Circulação pode ser restringida

 O chefe de Estado incluiu no projecto de decreto a possibilidade de restringir deslocações tendo em conta três aspectos principais: por zonas, para visar sobretudo os municípios com nível mais elevado de risco (o que poderá acontecer para os 121 concelhos para já incluídos na lista dos que têm mais medidas restritivas até 19 de Novembro; de acordo com o motivo que justifica as idas e vindas, com excepção de algumas actividades profissionais, obtenção de cuidados de saúde e assistência social, frequência de escolas e/ou universidades e idas aos estabelecimentos de comércio; períodos do dia e dias da semana (como já tem vindo a ser antecipado, pode ser decidido o impedimento de circulação entre as 23h00 e as 06h00, salvo nos casos excepcionais).

 Mobilização dos privados em cima da mesa

Outra das salvaguardas do documento presidencial é que a iniciativa privada, social e cooperativa possa ser requisitada pelas autoridades públicas competentes, “preferencialmente por acordo”, para utilização dos “recursos, meios e estabelecimentos de prestação de cuidados de saúde integrados nos sectores privado, social e cooperativo, mediante justa compensação, em função do necessário para assegurar o tratamento de doentes com Covid-19 ou a manutenção da actividade assistencial relativamente a outras patologias”.

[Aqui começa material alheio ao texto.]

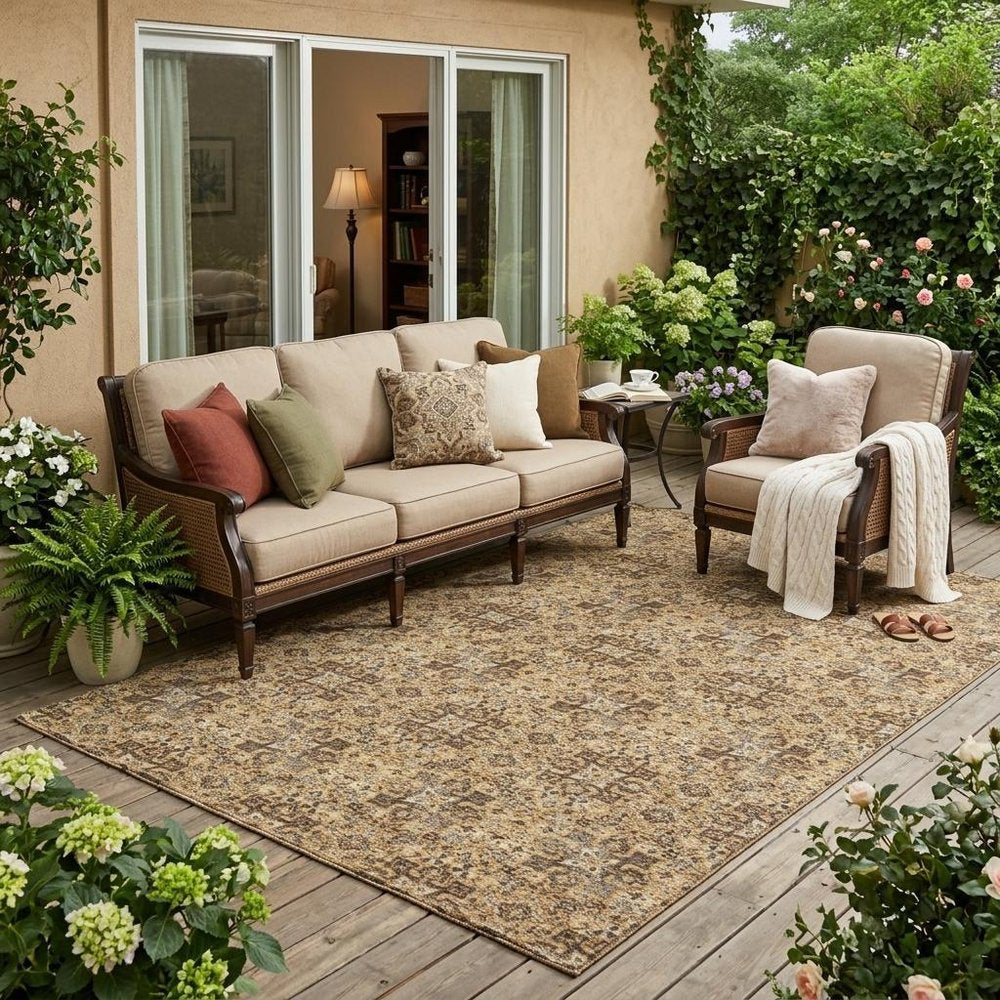 5' X 8' Copper And Orange Damask Washable Indoor Outdoor Area Rug — view 5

Mobilização dos funcionários públicos imunodeprimidos

 “Designadamente servidores públicos em isolamento profiláctico ou abrangidos pelo regime excepcional de protecção de imunodeprimidos e doentes crónicos” podem ser convocados “para apoiar as autoridades e serviços de saúde, nomeadamente na realização de inquéritos epidemiológicos, no rastreio de contactos e no seguimento de pessoas em vigilância activa”.

Possibilidade de tornar obrigatórios testes e/ou medição de febre no acesso ao trabalho e espaços públicos

 Controlos de temperatura corporal, por meios não invasivos, assim como testes de diagnóstico de SARS-CoV-2, podem ser solicitados no acesso ao local de trabalho ou a serviços ou instituições públicas, estabelecimentos educativos e espaços comerciais, culturais ou desportivos, na utilização de meios de transporte ou relativamente a pessoas institucionalizadas ou acolhidas em estruturas residenciais, estabelecimentos de saúde, estabelecimentos prisionais ou centros educativos e respectivos trabalhadores.

Forças Armadas e de Segurança devem auxiliar a Saúde

 A realização de inquéritos epidemiológicos, o rastreio de contactos e o seguimento de pessoas em vigilância activa são actividades que podem requerer a intervenção destas autoridades.

Medidas nos 121 concelhos já visados por limitação de liberdades

 Entre as medidas especiais implementadas nestes concelhos destaca-se o dever de permanência no domicílio, excepto para o conjunto de 26 casos de deslocações autorizadas, em que se incluem aquisições de bens e serviços, desempenho de actividades profissionais, obtenção de cuidados de saúde, assistência de pessoas vulneráveis, frequência dos estabelecimentos escolares, passeio dos animais de companhia, exercício da liberdade de imprensa e deslocações necessárias para saída de território nacional continental.

Nestes territórios todos os estabelecimentos de comércio encerram até às 22h00, excepto restaurantes – onde cada grupo fica limitado a seis pessoas -, que têm de encerrar até às 22h30; serviços de entrega de refeições no domicílio (os quais não podem fornecer bebidas alcoólicas no âmbito dessa actividade) que devem fechar à 01h00; equipamentos culturais, que devem encerrar às 22h30; e outras excepções como farmácias, consultórios e clínicas, actividades funerárias e áreas de serviço e postos de abastecimento de combustíveis.

É ainda proibida a realização de eventos e celebrações com mais de cinco pessoas, excepto se pertencerem ao mesmo agregado familiar, e é obrigatório o desfasamento horário, bem como a adopção do regime de teletrabalho sempre que as funções em causa o permitam.